(MATERIAL PROVIDED Opens)

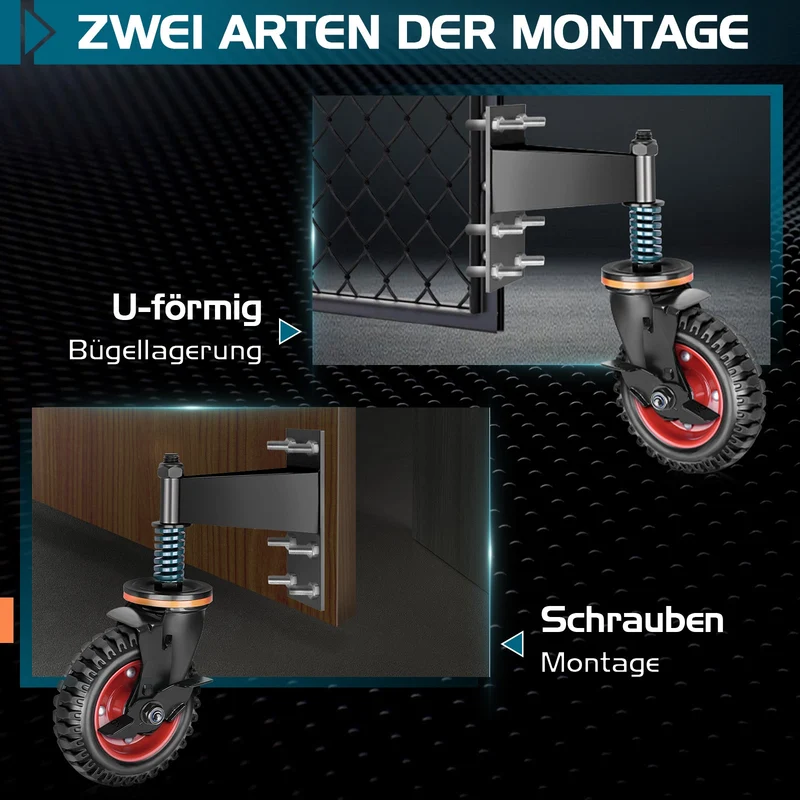 200 mm Schwerlast-Torrad – Stabile Unterstützung für schwere Tore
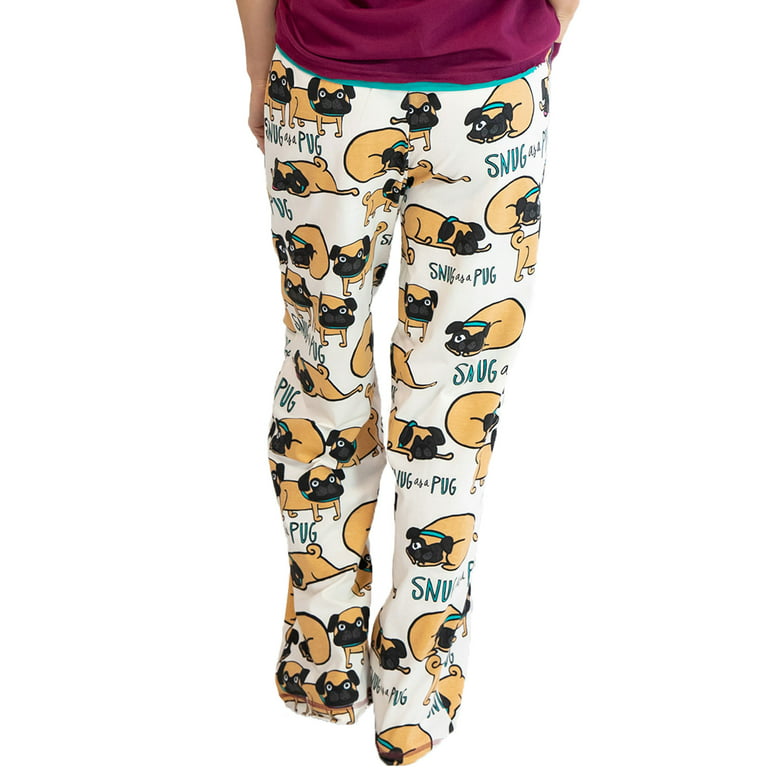 LazyOne Pajamas for Women, Cute Pajama Pants and Top Separates, Snug Pug,  X-large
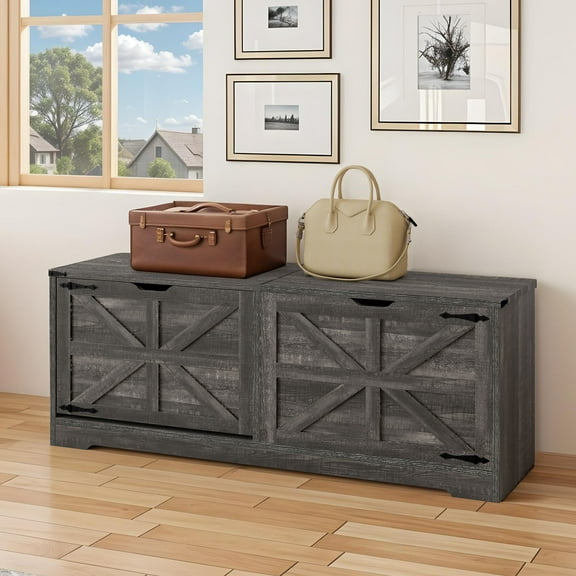 Craftian 55" Farmhouse Shoe Storage Bench – Tilt-Out 3-Drawer Cabinet with Flip-Top Seat, Entryway Mudroom Organizer, Holds 9-12 Pairs, 220 lb Weight Capacity, Dark Rustic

(MATERIAL PROVIDED Closes)

→ WHAT IS NEEDED
Every line above should be returned word for word, with the pictures left behind.

→ SOLVED EXERCISE
 200 mm Schwerlast-Torrad – Stabile Unterstützung für schwere Tore
 LazyOne Pajamas for Women, Cute Pajama Pants and Top Separates, Snug Pug,  X-large
 Craftian 55" Farmhouse Shoe Storage Bench – Tilt-Out 3-Drawer Cabinet with Flip-Top Seat, Entryway Mudroom Organizer, Holds 9-12 Pairs, 220 lb Weight Capacity, Dark Rustic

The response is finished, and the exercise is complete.